立秋后的第二天,我们专程访问了她。这位随和、健谈的顶碗艺术家,中等身材,精神矍铄,颇有艺术家的气质。
“我本姓徐,是安徽人,生在浙江,因时逢9月,故外婆起名‘菊花’。家里三代都是雇农,我从小就随母亲、妹妹到处讨饭。6岁时,父亲见我软功素质好,把我送到一家马戏班,因班主姓夏,无奈我只好改姓为夏了。从此,便开始练功。”提起练功,她忿忿地说:“旧社会杂技艺人地位低下,杂技艺术形式粗俗、残忍,练功时把辫子吊在梁上,身体在空中甩来甩去,头皮像针扎一样疼痛,根本不是什么艺术,而是摧残。”
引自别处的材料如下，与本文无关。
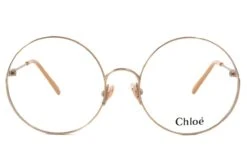 Chloé Occhiali Da Vista CHLOÉ CH0167O 002 -Occhiali Alla Moda occhiali da vista chloe ch0167o 002 5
谈到杂技艺术的新生,夏菊花欣喜地说,建国后,特别是党的十一届三中全会以来,杂技艺术之花竞相开放。目前全国已有专业杂技团体124个,专业人员达1.2万余人。中国杂技不但在国内家喻户晓,在国际上也大放异彩。新中国第一批被选送出国访问演出的艺术团体就是杂技团,杂技艺人被誉为“先行文化使者”。我国已经在国际杂技比赛中获得14枚金牌,其中党的十一届三中全会后获得8枚。具有三千多年历史的古老杂技艺术正在以新的面貌冲向世界。一些国际友人称赞:“真正的杂技艺术在中国。”我在巴黎时,一位外国友人对我说:“能去中国表演杂技,是非常荣幸的。”中国杂技艺术细腻,表演含蓄,像诗一样美,像花一样艳,作为中国人,是值得自豪的。
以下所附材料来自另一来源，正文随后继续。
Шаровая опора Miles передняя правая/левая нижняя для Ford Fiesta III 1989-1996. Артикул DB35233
夏菊花说,要干成一件事,总要付出一些代价,做出一些牺牲。她正是把自己的全部精力和心血献给了杂技艺术事业。可惜的是,在她艺术青春正盛时,遇到了十年动乱,杂技园地凋零,她的腰也被打折。但她还期待着重登舞台,直到1972年她35岁时才结婚。这位执着追求、顽强进取的艺术家为了系统地学习一些知识,又于去年进入江汉大学中文系学习。
“您能谈谈如何开拓杂技艺术发展之路,克服雷同化问题吗?”夏菊花欣然对记者说,杂技艺术要发展,我看出路在于挖掘和出新。五十年代,我把苏联大马戏的表演特点同中国的柔术结合起来。演出了“顶碗”等节目,发展了顶碗艺术,在莫斯科比赛中得到了金奖。这说明,没有民族特色和创新,作为艺术综合体的杂技就没有出路。
夏菊花在谈到这次全国大赛时说,这次比赛新老荟萃,高手云集,可以说是“五代同堂”。59个节目都是各省代表队精心筛选出来的,都有提高和发展,许多节目杂揉了体操、舞蹈等特点,竞争对抗性很强。这次比赛将是一次高水平的角逐。每次调演、会演后,杂技艺术都要发展一步,这次比赛也必将推动杂技艺术事业的发展。
夏菊花在展望杂技艺术的未来时说,随着国家经济的发展,文化的繁荣,在不远的将来,我国将会出现国家马戏院和专门的马戏学校,我国的杂技也将会放射出更加绚丽的色彩。